Strategic stakeholders view:
- Devoting resources and paying attention to stakeholders tends to be profitable. Closer to the
shareholder approach. Acting in accordance with stakeholders’ interests is good for business.
- Managers should devote resources and attention to all stakeholders.
Argue:
, Required readings
The social responsibility of business is to increase its profits- Milton Friedman (1970)
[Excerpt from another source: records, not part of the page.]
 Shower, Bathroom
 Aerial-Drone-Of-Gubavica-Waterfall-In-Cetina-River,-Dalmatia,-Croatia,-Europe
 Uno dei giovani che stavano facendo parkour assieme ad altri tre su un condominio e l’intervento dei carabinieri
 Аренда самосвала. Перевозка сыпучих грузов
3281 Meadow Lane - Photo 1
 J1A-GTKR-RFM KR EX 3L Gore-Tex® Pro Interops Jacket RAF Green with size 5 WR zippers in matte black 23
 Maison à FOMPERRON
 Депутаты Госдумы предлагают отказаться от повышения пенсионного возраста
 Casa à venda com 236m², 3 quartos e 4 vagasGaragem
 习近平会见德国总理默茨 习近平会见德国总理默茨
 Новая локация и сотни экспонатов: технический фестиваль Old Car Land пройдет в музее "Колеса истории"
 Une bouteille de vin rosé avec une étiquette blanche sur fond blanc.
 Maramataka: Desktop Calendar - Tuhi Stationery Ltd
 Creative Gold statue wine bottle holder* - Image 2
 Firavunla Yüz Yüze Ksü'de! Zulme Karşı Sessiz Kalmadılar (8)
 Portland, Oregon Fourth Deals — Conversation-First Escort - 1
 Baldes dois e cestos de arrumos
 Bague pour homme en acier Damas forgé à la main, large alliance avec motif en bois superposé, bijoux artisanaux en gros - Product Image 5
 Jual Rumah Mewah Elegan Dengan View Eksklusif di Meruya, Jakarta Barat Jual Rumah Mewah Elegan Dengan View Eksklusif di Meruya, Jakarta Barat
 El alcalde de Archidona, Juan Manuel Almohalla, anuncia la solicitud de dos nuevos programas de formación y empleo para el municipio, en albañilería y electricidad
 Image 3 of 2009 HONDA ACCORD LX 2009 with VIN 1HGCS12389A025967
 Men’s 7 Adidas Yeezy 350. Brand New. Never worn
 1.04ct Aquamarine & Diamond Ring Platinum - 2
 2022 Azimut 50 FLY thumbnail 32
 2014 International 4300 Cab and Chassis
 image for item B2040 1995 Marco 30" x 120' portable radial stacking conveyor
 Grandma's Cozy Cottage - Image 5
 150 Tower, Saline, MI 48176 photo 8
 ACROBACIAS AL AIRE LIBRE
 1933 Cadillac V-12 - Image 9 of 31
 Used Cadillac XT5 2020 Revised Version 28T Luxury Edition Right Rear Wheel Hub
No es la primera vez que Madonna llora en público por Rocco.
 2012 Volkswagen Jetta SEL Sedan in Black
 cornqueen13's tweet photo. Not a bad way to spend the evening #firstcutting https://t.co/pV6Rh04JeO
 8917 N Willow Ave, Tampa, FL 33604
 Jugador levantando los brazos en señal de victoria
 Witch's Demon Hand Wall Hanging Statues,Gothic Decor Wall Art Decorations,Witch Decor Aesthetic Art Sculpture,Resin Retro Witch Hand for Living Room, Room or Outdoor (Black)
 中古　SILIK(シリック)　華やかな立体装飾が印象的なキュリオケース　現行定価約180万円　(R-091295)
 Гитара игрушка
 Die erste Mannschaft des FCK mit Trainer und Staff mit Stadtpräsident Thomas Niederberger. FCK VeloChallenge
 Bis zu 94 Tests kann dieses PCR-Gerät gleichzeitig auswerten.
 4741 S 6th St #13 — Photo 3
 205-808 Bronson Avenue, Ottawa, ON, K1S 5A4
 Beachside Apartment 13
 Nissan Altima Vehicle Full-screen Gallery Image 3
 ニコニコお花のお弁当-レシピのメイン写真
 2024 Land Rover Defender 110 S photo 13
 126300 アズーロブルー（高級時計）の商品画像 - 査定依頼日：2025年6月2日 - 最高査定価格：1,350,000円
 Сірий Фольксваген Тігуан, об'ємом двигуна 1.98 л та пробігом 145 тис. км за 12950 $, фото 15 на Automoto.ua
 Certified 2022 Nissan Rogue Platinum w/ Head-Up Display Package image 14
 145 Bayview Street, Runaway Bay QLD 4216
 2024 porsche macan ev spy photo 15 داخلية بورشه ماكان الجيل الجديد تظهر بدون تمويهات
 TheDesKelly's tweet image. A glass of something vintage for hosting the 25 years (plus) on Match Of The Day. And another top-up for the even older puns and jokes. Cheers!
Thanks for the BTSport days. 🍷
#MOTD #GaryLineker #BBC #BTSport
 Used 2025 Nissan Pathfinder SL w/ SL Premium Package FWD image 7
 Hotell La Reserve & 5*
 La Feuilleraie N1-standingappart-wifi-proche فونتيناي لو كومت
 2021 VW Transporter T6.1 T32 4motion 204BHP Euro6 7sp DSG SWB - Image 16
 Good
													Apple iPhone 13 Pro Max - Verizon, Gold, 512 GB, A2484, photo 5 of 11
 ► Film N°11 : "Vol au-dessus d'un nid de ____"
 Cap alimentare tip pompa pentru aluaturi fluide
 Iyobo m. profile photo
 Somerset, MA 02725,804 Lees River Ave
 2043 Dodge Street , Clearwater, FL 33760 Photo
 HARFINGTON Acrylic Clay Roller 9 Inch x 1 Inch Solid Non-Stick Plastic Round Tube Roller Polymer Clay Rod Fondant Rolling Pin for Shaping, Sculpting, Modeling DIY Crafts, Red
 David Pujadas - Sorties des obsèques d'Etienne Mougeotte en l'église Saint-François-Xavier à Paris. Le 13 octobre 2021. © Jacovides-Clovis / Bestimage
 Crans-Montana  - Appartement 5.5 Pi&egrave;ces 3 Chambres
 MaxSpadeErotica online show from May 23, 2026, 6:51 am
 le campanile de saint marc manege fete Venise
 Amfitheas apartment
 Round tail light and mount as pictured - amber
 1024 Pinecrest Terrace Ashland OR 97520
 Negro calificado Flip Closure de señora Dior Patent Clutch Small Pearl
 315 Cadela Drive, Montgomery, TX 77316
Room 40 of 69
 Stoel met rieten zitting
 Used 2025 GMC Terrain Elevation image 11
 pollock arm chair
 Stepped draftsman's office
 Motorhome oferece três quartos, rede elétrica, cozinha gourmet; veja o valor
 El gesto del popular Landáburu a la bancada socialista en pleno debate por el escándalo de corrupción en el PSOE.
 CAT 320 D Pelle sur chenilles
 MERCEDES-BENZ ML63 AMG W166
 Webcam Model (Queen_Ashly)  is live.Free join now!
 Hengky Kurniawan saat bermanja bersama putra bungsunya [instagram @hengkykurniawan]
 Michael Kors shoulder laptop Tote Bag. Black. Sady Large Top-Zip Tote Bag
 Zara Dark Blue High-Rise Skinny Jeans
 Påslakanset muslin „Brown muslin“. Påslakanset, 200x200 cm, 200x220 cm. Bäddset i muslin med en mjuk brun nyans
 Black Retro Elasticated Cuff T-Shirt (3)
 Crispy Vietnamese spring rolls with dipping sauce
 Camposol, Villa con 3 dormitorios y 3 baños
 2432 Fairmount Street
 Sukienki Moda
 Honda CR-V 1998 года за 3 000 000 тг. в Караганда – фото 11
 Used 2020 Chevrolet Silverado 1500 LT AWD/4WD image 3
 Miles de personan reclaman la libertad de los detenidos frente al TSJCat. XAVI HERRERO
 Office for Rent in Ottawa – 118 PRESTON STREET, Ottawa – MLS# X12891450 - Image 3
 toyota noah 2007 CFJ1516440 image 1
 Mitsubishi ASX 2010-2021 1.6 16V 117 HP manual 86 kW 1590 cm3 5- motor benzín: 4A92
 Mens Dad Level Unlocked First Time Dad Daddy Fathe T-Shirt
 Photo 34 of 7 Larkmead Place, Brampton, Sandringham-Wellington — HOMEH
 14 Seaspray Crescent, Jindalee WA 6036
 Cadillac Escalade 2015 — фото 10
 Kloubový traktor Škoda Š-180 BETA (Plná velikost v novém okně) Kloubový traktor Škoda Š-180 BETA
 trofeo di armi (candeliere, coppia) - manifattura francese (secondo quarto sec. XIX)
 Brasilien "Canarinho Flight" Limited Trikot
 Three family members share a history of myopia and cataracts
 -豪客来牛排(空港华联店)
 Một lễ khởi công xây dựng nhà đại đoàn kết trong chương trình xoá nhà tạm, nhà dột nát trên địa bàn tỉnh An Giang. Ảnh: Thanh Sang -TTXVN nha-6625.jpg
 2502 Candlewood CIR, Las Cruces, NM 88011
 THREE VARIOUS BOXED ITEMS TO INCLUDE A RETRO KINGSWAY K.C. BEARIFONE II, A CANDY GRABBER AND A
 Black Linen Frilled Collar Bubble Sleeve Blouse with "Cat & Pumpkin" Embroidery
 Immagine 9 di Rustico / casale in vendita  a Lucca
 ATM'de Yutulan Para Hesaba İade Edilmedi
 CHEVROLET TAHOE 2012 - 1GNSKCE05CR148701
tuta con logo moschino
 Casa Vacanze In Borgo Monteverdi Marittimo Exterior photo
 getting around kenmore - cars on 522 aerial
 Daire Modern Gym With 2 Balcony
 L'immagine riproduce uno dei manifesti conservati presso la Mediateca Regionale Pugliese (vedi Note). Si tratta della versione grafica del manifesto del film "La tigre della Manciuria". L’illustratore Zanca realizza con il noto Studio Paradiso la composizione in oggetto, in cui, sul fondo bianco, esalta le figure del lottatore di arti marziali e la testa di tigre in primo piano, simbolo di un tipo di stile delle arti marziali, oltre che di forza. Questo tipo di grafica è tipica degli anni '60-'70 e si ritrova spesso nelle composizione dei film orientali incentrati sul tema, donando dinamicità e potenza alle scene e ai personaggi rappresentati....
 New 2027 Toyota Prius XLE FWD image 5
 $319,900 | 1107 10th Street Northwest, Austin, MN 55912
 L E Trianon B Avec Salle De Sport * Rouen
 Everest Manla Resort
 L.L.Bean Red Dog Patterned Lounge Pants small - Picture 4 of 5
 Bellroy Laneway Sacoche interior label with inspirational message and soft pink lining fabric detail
The article was written in 1970, so a different state of mind can be noticed while reading. An example
of that is the first paragraph, where the writer preaches that the only concern for a business is to make
maximum profit, without considering externalities and social value:
‘’that business has a “social conscience” and takes seriously its responsibilities for providing
employment, eliminating discrimination, avoiding pollution and whatever else may be the catchwords
of the contemporary crop of reformers. In fact they are—or would be if they or any one else took them
seriously— preaching pure and unadulterated socialism. Businessmen who talk this way are unwitting
puppets of the intellectual forces that have been undermining the basis of a free society these past
decades.’’
The writer states that only people can have responsibilities. However, a corporation, which is an
artificial person, could have artificial responsibilities, but ‘business’ as a whole cannot have
responsibilities. If there would be a form of responsibility in business, then it would be the
businessmen ( corporate executives), but not the business.
What does it mean to say that the corporate executive has a “social responsibility” in his capacity as
businessman? If this statement is not pure rhetoric, it must mean that he is to act in some way that is
not in the interest of his employers. For example, that he is to refrain from increasing the price of the
product in order to contribute to the social objective of preventing inflation, even though a price
increase would be in the best interests of the corporation. Or that he is to make expenditures on
reducing pollution beyond the amount that is in the best interests of the corporation or that is required
by law in order to contribute to the social objective of improving the en vironment.
In each of these cases, the corporate executive would be spending someone else's money for a general
social interest. Insofar as his actions in accord with his “social responsibility” reduce returns to stock
holders, he is spending their money. Insofar as his actions raise the price to customers, he is spending
the customers’ money. Insofar as his actions lower the wages of some employes, he is spending their
money.
This is the main point the author is getting at. All decisions that are made have a consequence, as
displayed in the paragraphs above. The decision within the company leads to a different distribution of
money. The question is if it is right for ‘the company’ (its executives), to strive for ‘social
responsibility’, as that often leads lower revenue for the company, which is bad for the shareholders.
Would it be better if the company only strives for maximum profit, so that the shareholders and
employees can decide by themselves how they want to be s’ocially responsible’ with their earned
money.
The whole justification for permitting the corporate executive to be selected by the stockholders is that
the executive is an agent serving the interests of his principal. This justification disappears when the
corporate executive imposes taxes and spends the proceeds for “social” purposes. He becomes in
effect a public employe, a civil servant, even though he remains in name an employe of private
enterprise. On grounds of political principle, it is intolerable that such civil servants—insofar as their
actions in the name of social responsibility are real and not just window‐dressing—should be selected
as they are now. If they are to be civil servants, then they must be selected through a political process.
This is the basic reason why the doctrine of “social responsibility” involves the acceptance of the
socialist view that political mechanisms, not market mechanisms, are the appropriate way to determine
the allocation of scarce resources to alternative uses.